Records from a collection
++++++++++++++++++++
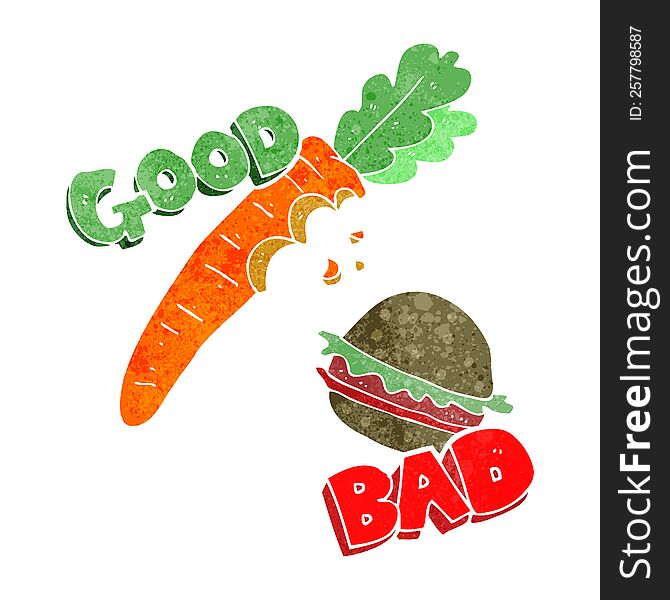 Retro Cartoon Good And Bad Food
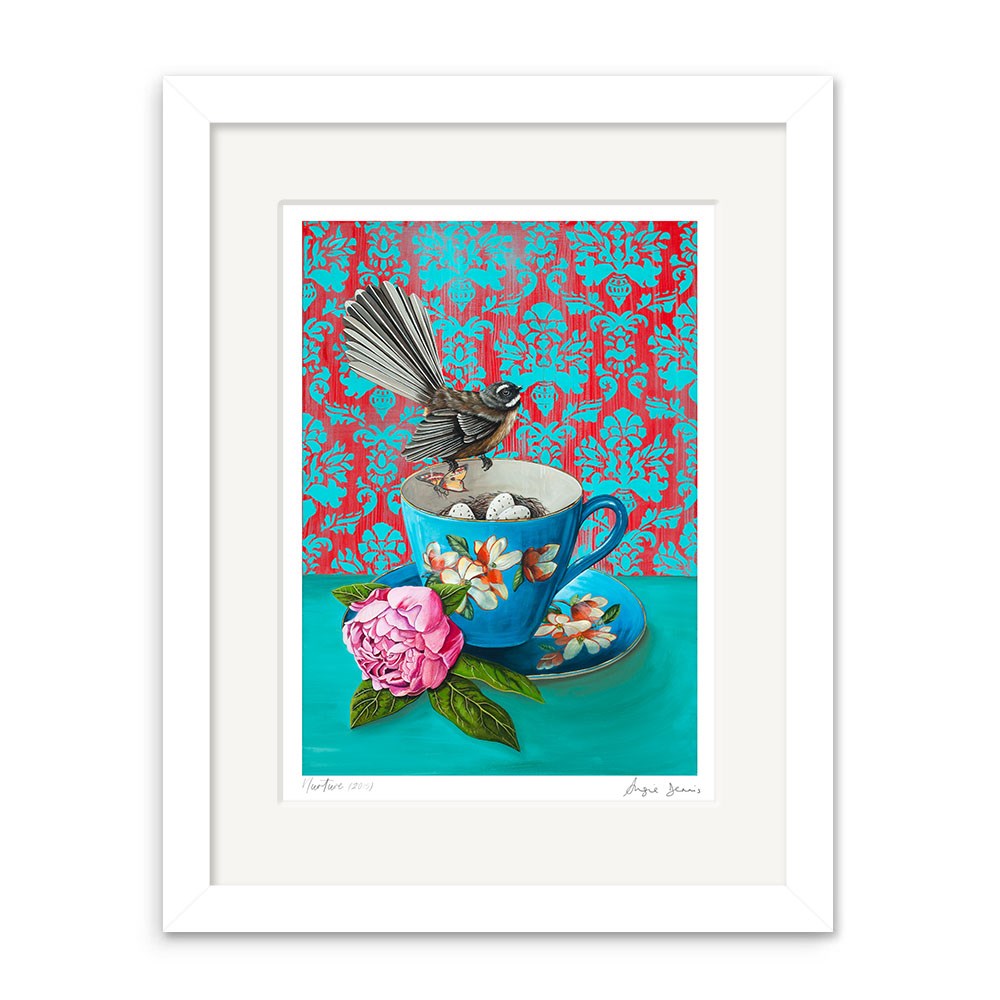 The Angie Dennis - Nurture Art Print features a small bird on a blue floral teacup filled with sugar cubes, a pink peony beside it, and is set against a teal and red patterned background. Archival quality wall art.
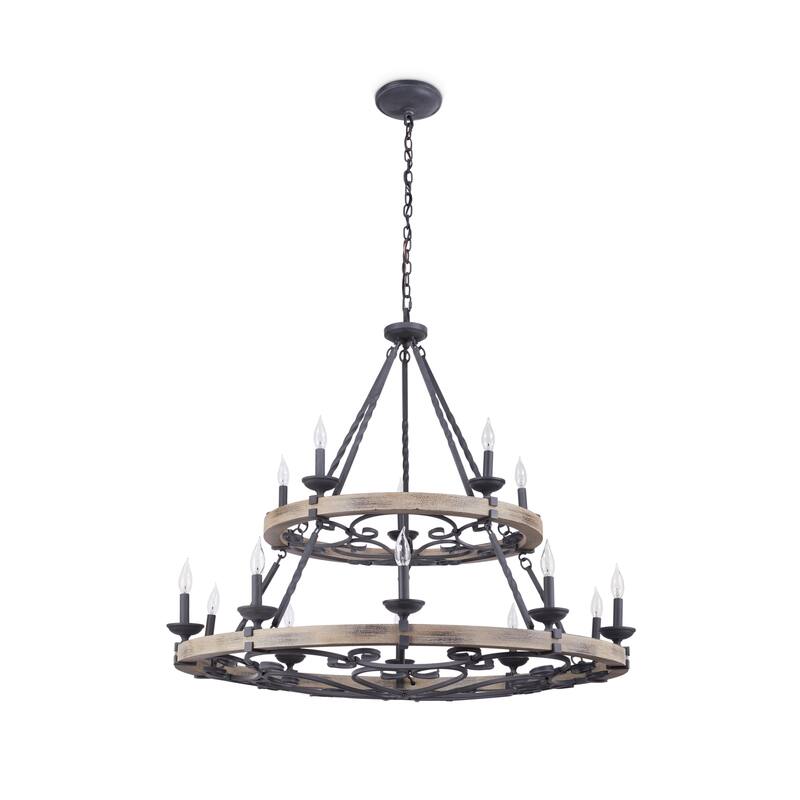 Kichler Lighting Taulbee Collection 15-light Weathered Zinc Chandelier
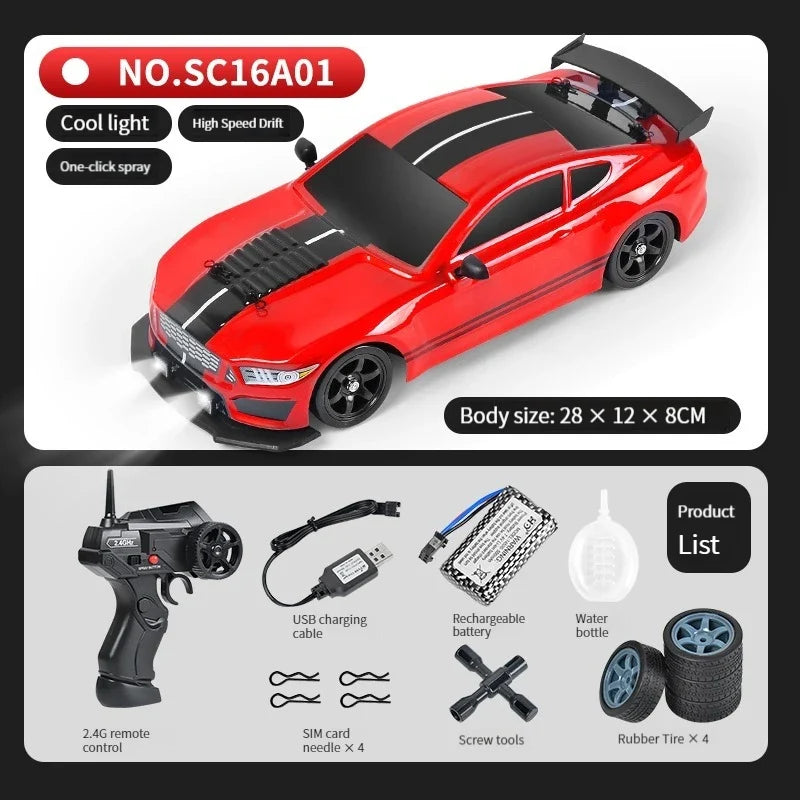 High-Speed 4WD RC Drift Car with Spray & Dual Tires - Classic Edition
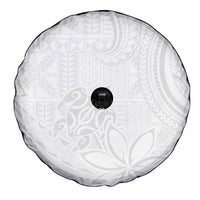 Tapu Fanau Ia Niue Spare Tire Cover Happy White Sunday Unique Hiapo - Polynesian Pride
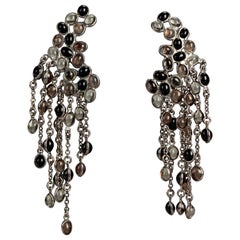 Vintage GRIPOIX PARIS Waterfall Poured Glass Dangling Chandelier Earrings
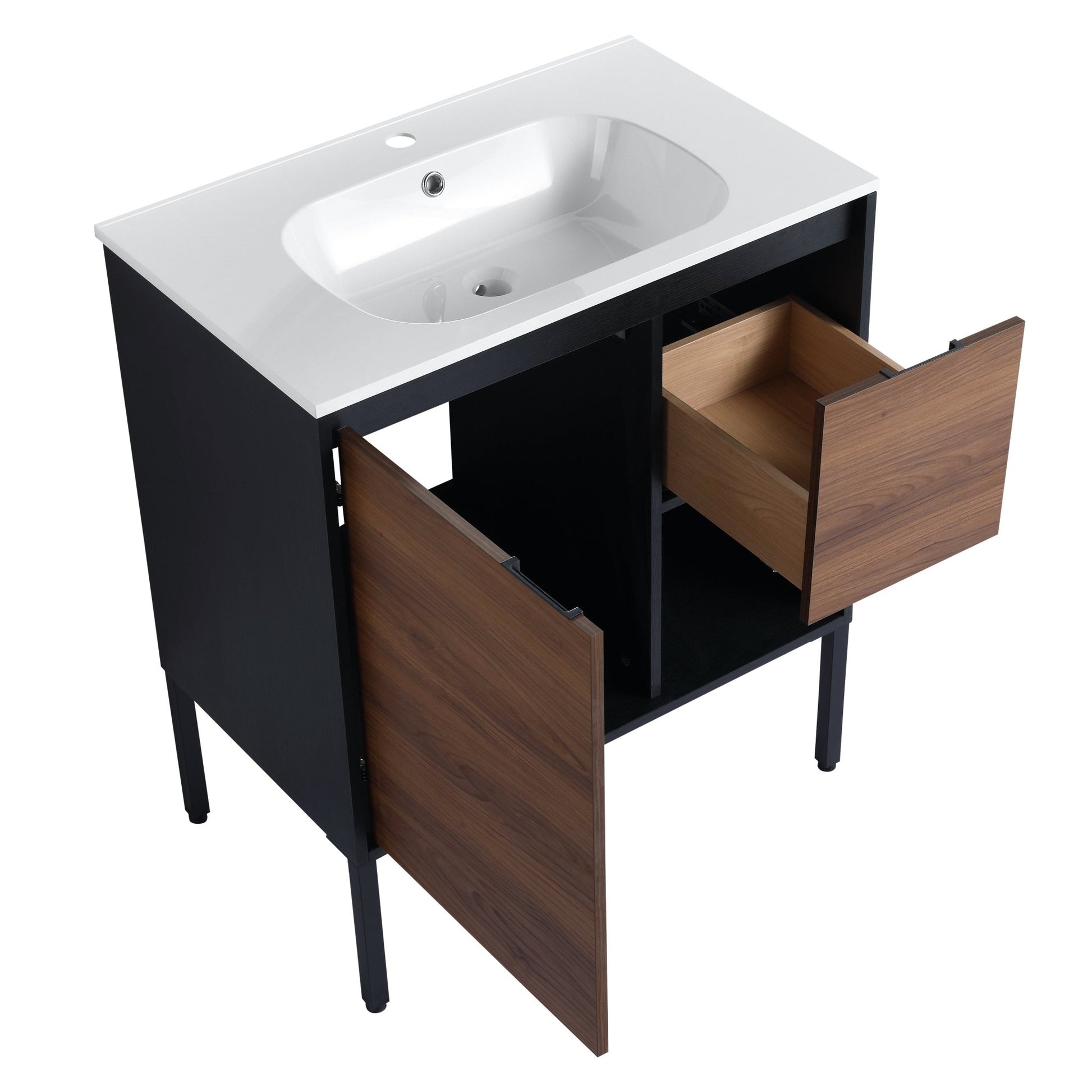 30 inch Freestanding Bathroom Vanity With Gel Sink, Soft Closing Door and 2/3 Soft Closing Drawers (KD-Packing) - Groovy Boardz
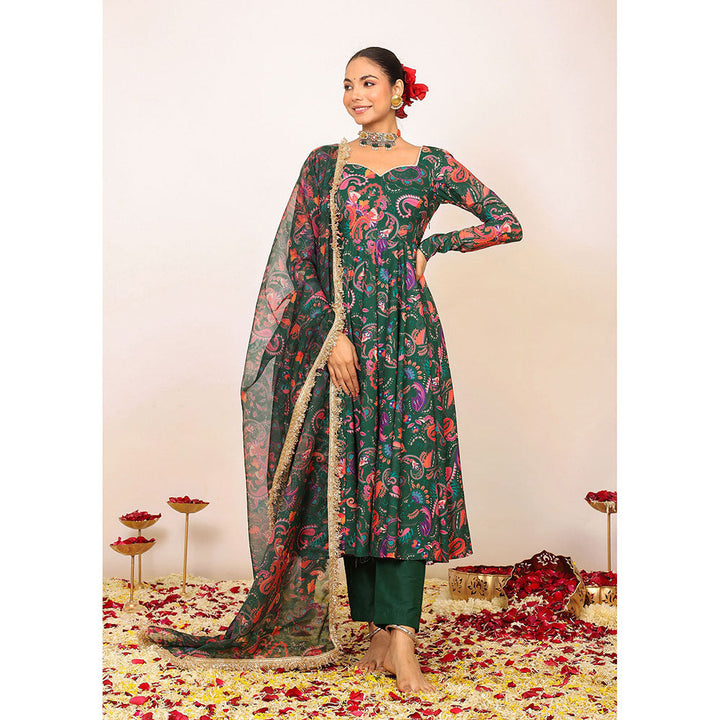 Kaori By Shreya Green & Pink Floral Anarkali Suit with Pant & Dupatta (Set of 3)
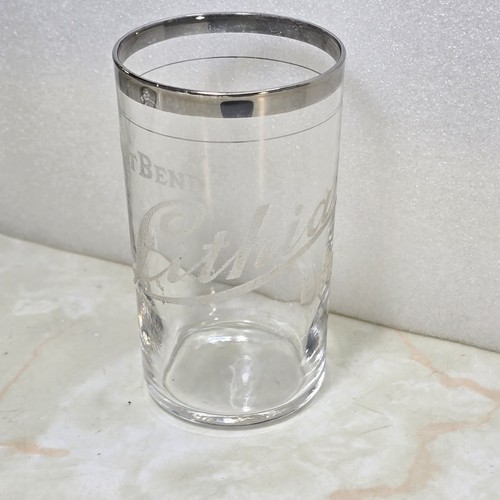 West Bend Wisconsin Brewery Etched Lithia Beer Shell Glass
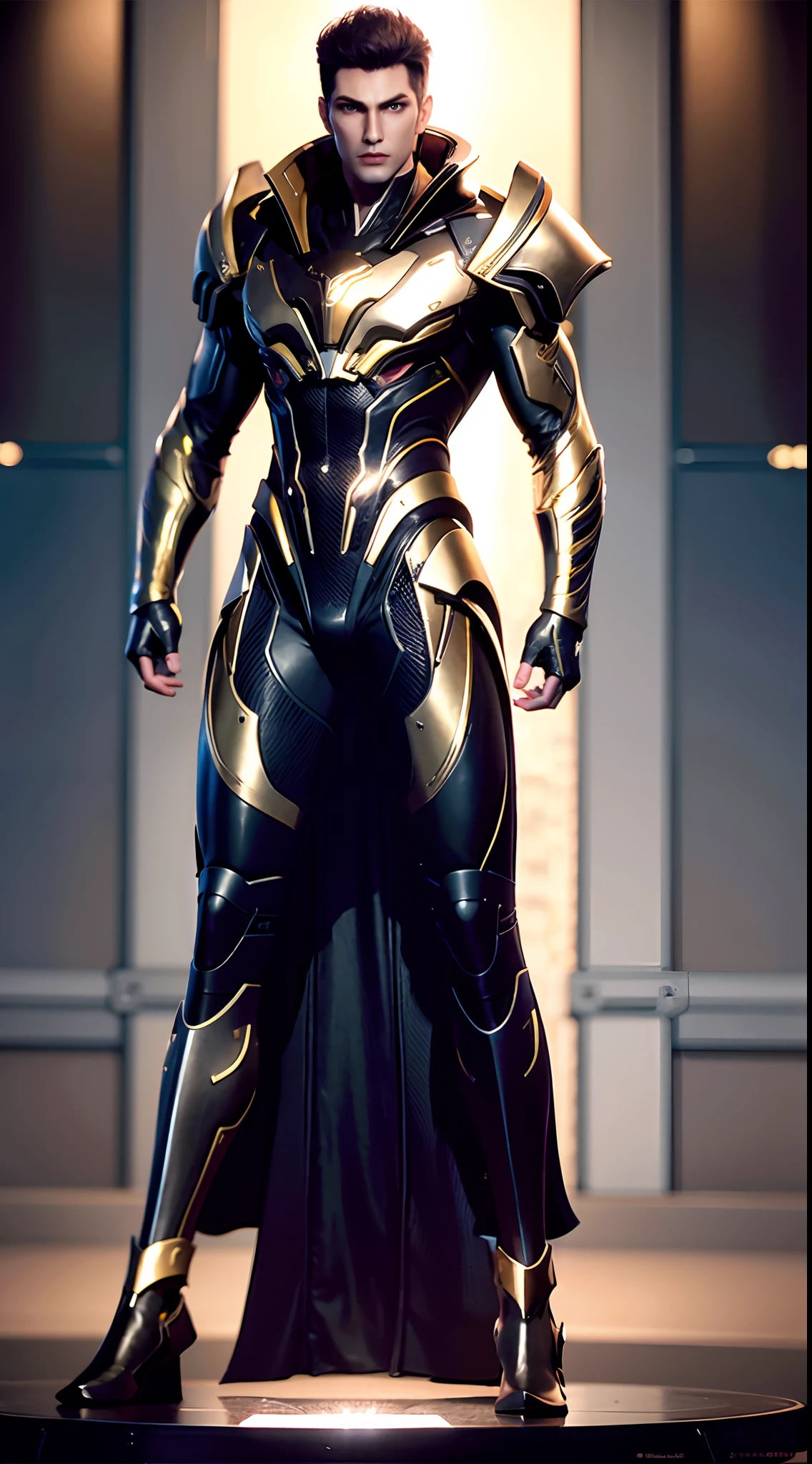 a man in a suit with a futuristic look on his face and chest, with a futuristic helmet on, (1boy:0.630), (black hair:0.728), (gold armor:0.923), (blurry:0.915), (blurry background:0.579), (blurry foreground:0.619), (depth of field:0.771), (letterboxed:0.805), (looking at viewer:0.601), (male focus:0.786), (mecha:0.605), (realistic:0.758), (solo:0.839), (full body:1.3)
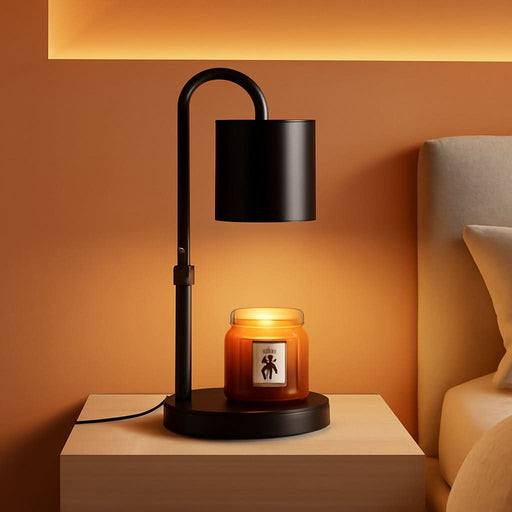 Dimmable Candle Warmer Lamp with Timer, Height Adjustable Electric Candle Wax Warmer, Christmas Birthday Gifts for Women Mom, House Warming Gifts New Home Room Decor, Black Solid Wood Base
++++++++++++++++++++
_WORK INSTRUCTION_. Set down every line of the entries above again, exactly as written, but not the pictures.

_WRITTEN RESPONSE_.
 Retro Cartoon Good And Bad Food
 The Angie Dennis - Nurture Art Print features a small bird on a blue floral teacup filled with sugar cubes, a pink peony beside it, and is set against a teal and red patterned background. Archival quality wall art.
 Kichler Lighting Taulbee Collection 15-light Weathered Zinc Chandelier
 High-Speed 4WD RC Drift Car with Spray & Dual Tires - Classic Edition
 Tapu Fanau Ia Niue Spare Tire Cover Happy White Sunday Unique Hiapo - Polynesian Pride
 Vintage GRIPOIX PARIS Waterfall Poured Glass Dangling Chandelier Earrings
 30 inch Freestanding Bathroom Vanity With Gel Sink, Soft Closing Door and 2/3 Soft Closing Drawers (KD-Packing) - Groovy Boardz
 Kaori By Shreya Green & Pink Floral Anarkali Suit with Pant & Dupatta (Set of 3)
 West Bend Wisconsin Brewery Etched Lithia Beer Shell Glass
 a man in a suit with a futuristic look on his face and chest, with a futuristic helmet on, (1boy:0.630), (black hair:0.728), (gold armor:0.923), (blurry:0.915), (blurry background:0.579), (blurry foreground:0.619), (depth of field:0.771), (letterboxed:0.805), (looking at viewer:0.601), (male focus:0.786), (mecha:0.605), (realistic:0.758), (solo:0.839), (full body:1.3)
 Dimmable Candle Warmer Lamp with Timer, Height Adjustable Electric Candle Wax Warmer, Christmas Birthday Gifts for Women Mom, House Warming Gifts New Home Room Decor, Black Solid Wood Base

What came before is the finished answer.